The second piece is a collection of hanging sculptures entitled Something Useful, the work of Rebecca Jane Houston. The artist gathered plastic trash and debris from the Humber Bay shore in Toronto as part of an exercise echoing how animals gather litter to create useful objects. Part of wildlife’s struggle to survive amidst the tons of plastic waste we have produced involves adaptation. Houston wanted to use her piece to demonstrate how animals are forced to evolve to an environment we created, yet they still manage to create something useful out of the debris.
Houston was motivated by a deep appreciation for natural beauty. “The plastics can never be removed; we can’t take them back. But we have to keep trying to hope, to push for change, to play and to love the life of the lake,” she states.
The third installation, Flow by Katharine Harvey, highlights the magical elements of water and light. Harvey has made 20 similar pieces, delicately crafting a sculpture that appears alluring from a distance, but upon closer observation reveals a collection of dirty plastic waste. Harvey’s installations serve as a way to educate viewers about the importance of recycling and the dangers of consumer excess.
“It is a strange disconnect, to be enticed by a beautiful object only to acknowledge it is environmentally harmful,” says Harvey. “This piece, part of a larger series, speaks to the growing awareness about climate change.”
Using debris collected on the shore of Vancouver Island, Pete Clarkson created the fourth installation entitled Oil and Water. Clarkson views plastic pollution in the ocean as a gigantic, omnipresent oil spill. Inspired by the pervasive effects of oil-based plastic pollution, the artist created an installation that reflected the objects that he sourced exactly as they were found. Clarkson also included a friend’s carving, a small raven shaped from a flip flop. The sandal washed ashore after a shipping container spilled them into the Pacific in the 1990s, and since then have appeared on beaches all over the world.
Clarkson has collected over a hundred of these sandals. “They speak to the longevity of plastic and its presence throughout the world’s oceans,” he explains.
“They also remind me that the old adage still holds — oil and water just don’t mix”

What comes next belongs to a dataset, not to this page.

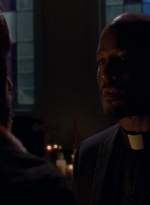 twd0503-0939.jpg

The final piece, Emergence by Kerry Hodgson, represents a global cultural emergence from our dependence on plastic products. Hodgson used her canvas to envision a future in which humankind no longer relies on plastic bags or other plastic items in everyday life. Emergence is specific to the prevalence of single-use plastic bags, with some Canadian provinces implementing bans. The acrylic painting was created across two canvases, with the figure in the center emerging from plastic bags that the artist collected then ironed onto her work. The recycled bags create texture and movement, underscoring her ideological message.